In political geography, a border generally means the separation of national territories into two nation-states by drawing a line on the map. From the political perspective, borders are very clear, such as militarized construction of fences and walls. On the contrary, socio-economic and cultural aspects appear to be borderless. In reality, borders are closely connected and are reproduced by transnational reconfiguration. Change in land use is associated with changes in socio-ecological systems, and the border landscape can be understood as the complicated encounter between productivity landscapes and rule and landscape plasticity, which means the ability to adjust complicated land uses over time in response to local needs, state plans, and border possibilities.

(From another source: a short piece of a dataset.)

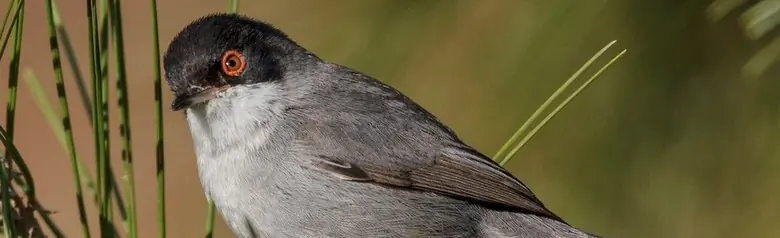 Curruca Cabecinegra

The major goal of this fieldwork is to understand the typical cross-border interactions and examine how these interactions contribute to changes in the border landscape in the rapidly developing China-ASEAN border area.
Transnational labor migration in urban area (A case study of the Yinxiang factory)

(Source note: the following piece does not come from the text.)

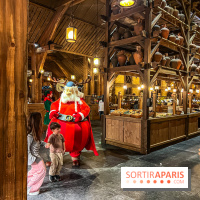 Réveillon de Noël et du Nouvel an à la Cité Suspendue du Parc Astérix - IMG 4745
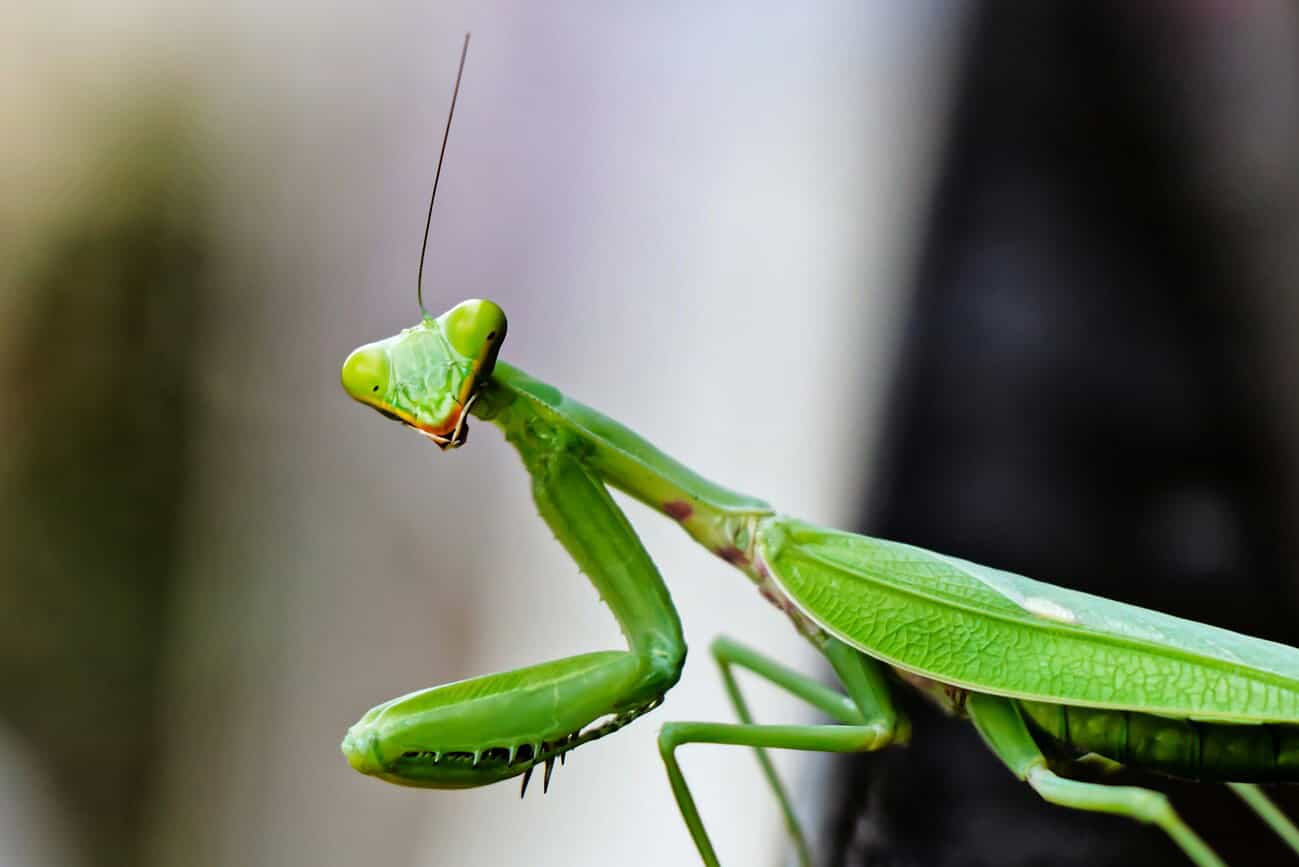 Espèce invasive : les mantes asiatiques arrivent en Espagne 4 Mante religieuse verte, espèce invasive arrivée en Espagne, illustrée dans un environnement naturel.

The Yinxiang factory was established to manufacture motorcycles. A total of over 1,000 Myanmar laborers live and work at the factory. The local government in Ruili City, Dehong Dai and Jingpo Autonomous Prefecture, Yunnan Province, China requires that the percentage of Myanmar laborers hired to work in the factory should be less than 70% and local laborers should also be hired to avoid conflict because of the low price of Myanmar laborers. This factory was founded by a company from Chongqing Municipality, and occupies 124 hectares of land. All the Myanmar laborers have been trained and are responsible for their own tasks on the production line. Motorcycles are prepared for export and can be sold as an assembled unit or in separate component parts as an encasement. Myanmar is one of the major importing countries. According to my observations in Myanmar, there are lots of motorcycle repair shops, but still no factories producing motorcycles. Therefore, if Chinese factories move to Southeast Asian countries, and the laborers’ wages are almost same or competitive, will a significant number of Myanmar laborers migrate to China?

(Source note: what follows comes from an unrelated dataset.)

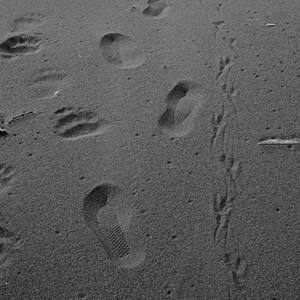3 friends in Alaska. Following their footsteps was like touching magic as the captain and I did so until the wind smoothed out the sand.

Transnational labor migration in rural areas (upland villages)
I identified a new phenomenon regarding land use in upland villages. In late 2017, one businessman from Baicheng City, Jilin Province (northeastern China), came to Myanmar to rent farmland from Jingpo and Han people for fruit cultivation using greenhouses. He hired some farmers from his hometown as agricultural production experts. They grow Physalis pubescens and Hami melons. Half of the rented farmland was first used to conduct experiments regarding fruit cultivation. If the area is suitable for cultivation of these fruits, growing will expand to all rented farmland (to date, half of the rented farmland is abandoned). I am surprised that they are able to cultivate fruits that are usually grown in northeastern China in this area. When the cash boom occurred, the investors mainly hired laborers from the Myanmar side of the border due to a cash crop boom.
Cross-border trade for fruit trade (Watermelon and musk melon)
There is a special area for trading in Muse, known as Muse 105th Mile Trading Zone. The Muse 105-mile Trading zone is a border trading zone that was opened in 2006. In 2013, fruits were mainly exported through Jiegao port. Northeast Gate, a Myanmar company comprised of 60 commission agencies, operates in the 105th Mile Trade Zone. Based on the results of interviews, we are able to ascertain how Myanmar producers (MP) transport goods to the trading zone and the management fee and tax payment procedures. With the help of the Myanmar Commission Agency (MCA), MP can contact the Chinese Commission Agency (CCA) and Chinese buyers (CB). The CCA transport CB from Wanding Town to the 105-mile zone and help them negotiate fruit prices with the MCC and MP by auction. Then, MP cross the border to Wanding Town for food inspection (CBs pay). After that, MP transport goods to the Changhe Company warehouse. There, Chinese trucks wait to re-load the fruit from Myanmar trucks. Finally, CB transport the fruit to inland China to sell on.
Based on my fieldwork, I understand how recent cross-border interactions are occurring and how these interactions contribute to the changes in the border landscape of the China-Myanmar border. In addition, I have obtained some useful information for my further study from the key informant interview. These findings will contribute to my PhD dissertation.